O problema, diz Orair, é que para retomar os mesmos investimentos mais tarde há gastos adicionais e desperdício.
O exemplo mais fresco na memória dos brasileiros talvez seja uma parte das obras de mobilidade urbana criadas para a Copa do Mundo de 2014 - uma parte dos projetos se converteu em esqueletos de concreto sem utilidade. Outras foram inauguradas com atraso de anos. Um exemplo é o Veículo Leve sobre Trilhos de Cuiabá (MT), que já consumiu mais de R$ 1 bilhão e ainda não foi inaugurado.
A infraestrutura do país e dos serviços públicos também vai se comprometendo sem novos investimentos. Isto prejudica a capacidade do país de garantir direitos como saúde, educação e outros, diz Gil.
Mais despesas obrigatórias
"Na realidade já tem algum tempo que as despesas obrigatórias (como salários) crescem continuamente, comprimindo as demais, principalmente os investimentos", explica Gil. Segundo ele, cerca de 90% das despesas primárias (isto é, sem contar a dívida pública) são obrigatórias.

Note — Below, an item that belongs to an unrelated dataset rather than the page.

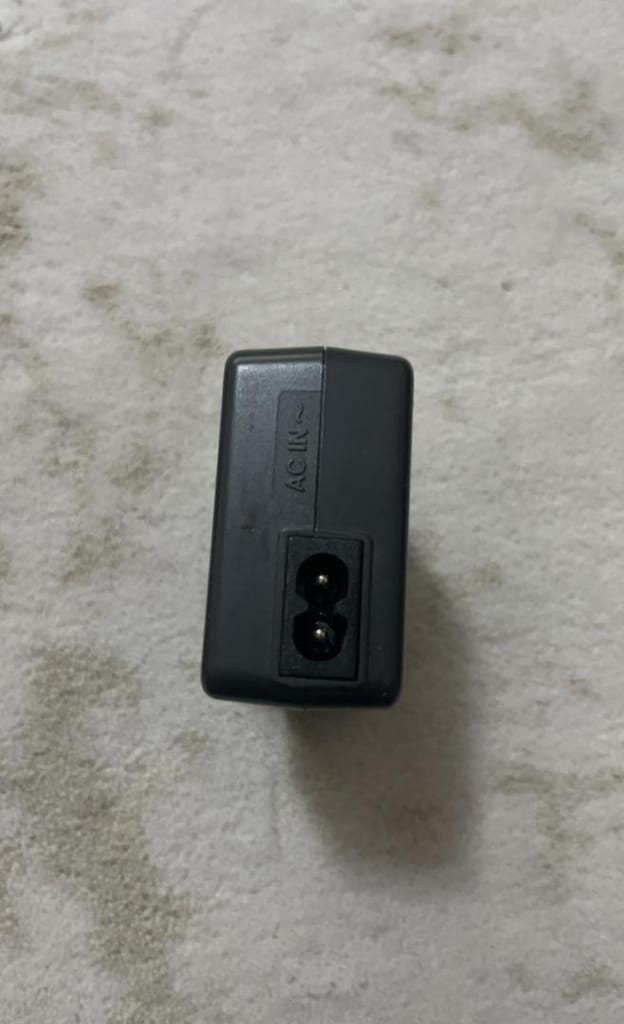 Panasonic Video Camera AC Adaptor Batarya - 3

Segundo Rodrigo Orair, o investimento público no país está em trajetória de queda (relativamente ao tamanho do PIB) desde os anos 1980. Chegou ao nível mais baixo em 2003 e 2004, no começo do governo do ex-presidente Lula (PT), quando houve forte ajuste fiscal. E se recuperou desde aquela época até o começo da crise, em 2015.
Em nota à reportagem da BBC Brasil, o Ministério do Planejamento informa que o governo teve de cortar despesas depois que a arrecadação em 2017 ficou abaixo do previsto no Orçamento. "Observado o fraco desempenho das receitas públicas e em busca de assegurar o cumprimento das metas fiscais, o governo federal se viu obrigado a fazer contingenciamentos de recursos", diz o texto.
"Como, hoje, mais de 90% do orçamento federal corresponde a despesas obrigatórias ou não contingenciáveis, resta ao governo a obrigação de contingenciar os outros menos de 10% que corresponde a despesas de custeio e a despesas discricionárias (a maior parte delas diz respeito ao funcionamento da máquina pública)", diz o texto do Planejamento.